YouTube - I Put A Spell On You - Creedence Clearwater Revival


----------



## doublejj (Sep 16, 2008)

It helps I'm a big Trojan fan:

YouTube - Fleetwood Mac - Tusk


----------



## erockolm (Sep 17, 2008)

YouTube - Chad VanGaalen - Molten Light
YouTube - Chad Vangaalen - Red Hot Drops
Great vids, love chad vangaalen 
YouTube - Okkervil River - For Real
YouTube - Okkervil River "Lost Coastlines"
okkervil river
YouTube - Evil Bee Menomena
menomena
YouTube - Ugly Casanova - Hotcha Girls great fucking song!**
ugly casanova
YouTube - TUNNG - Bullets
tunng
YouTube - MGMT - Electric Feel when im feeling groovy  MGMT
YouTube - "Yucatan Gold" by Throw Me The Statue ***
throw me the statue
YouTube - Architecture In Helsinki - Like it or Not
Architecture in helsinki

lol im bored. overkill
YouTube - ISLANDS Don't Call Me Whitney, Bobby


----------



## dahamma (Sep 19, 2008)

life by the drop-stevie ray vaughan and jimi hendrix cherokee mist


----------



## bearo420 (Sep 19, 2008)

erockolm said:


> YouTube - Chad VanGaalen - Molten Light
> YouTube - Chad Vangaalen - Red Hot Drops
> Great vids, love chad vangaalen
> YouTube - Okkervil River - For Real
> ...


 
looks like your more a fan of animated videos than music. each one sucked bad. i really listened to each one.
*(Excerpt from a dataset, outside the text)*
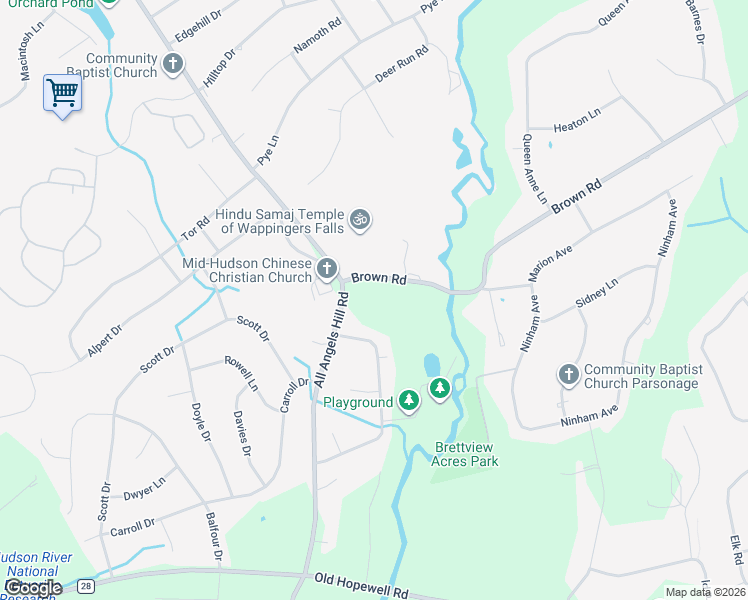 map of restaurants, bars, coffee shops, grocery stores, and more near 2 Brown Road in Wappingers Falls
I tried to enjoy them. But they each suck sorry.


----------



## alice d (Sep 19, 2008)

grace --- country joe and the fish

pure psychedelia 

also anything from mgmt
its like the beach boys had a 3some with syd barret and beck

i love them
floats me off some where


----------



## Doob (Sep 20, 2008)

Britney Spears - Gimme Moar.





*keeps straight face*


----------



## JGroove (Sep 22, 2008)

Spoon - Carlton Fisk
311 - Starshines

There are so many ...


----------



## WoldofWeedcraft (Sep 22, 2008)

YouTube - Tool - The Pot

YouTube - Tool - Prison Sex 

YouTube - Tool Swamp Song

or any Tool for that matter...


----------



## erockolm (Sep 22, 2008)

bearo420 said:


> looks like your more a fan of animated videos than music. each one sucked bad. i really listened to each one. I tried to enjoy them. But they each suck sorry.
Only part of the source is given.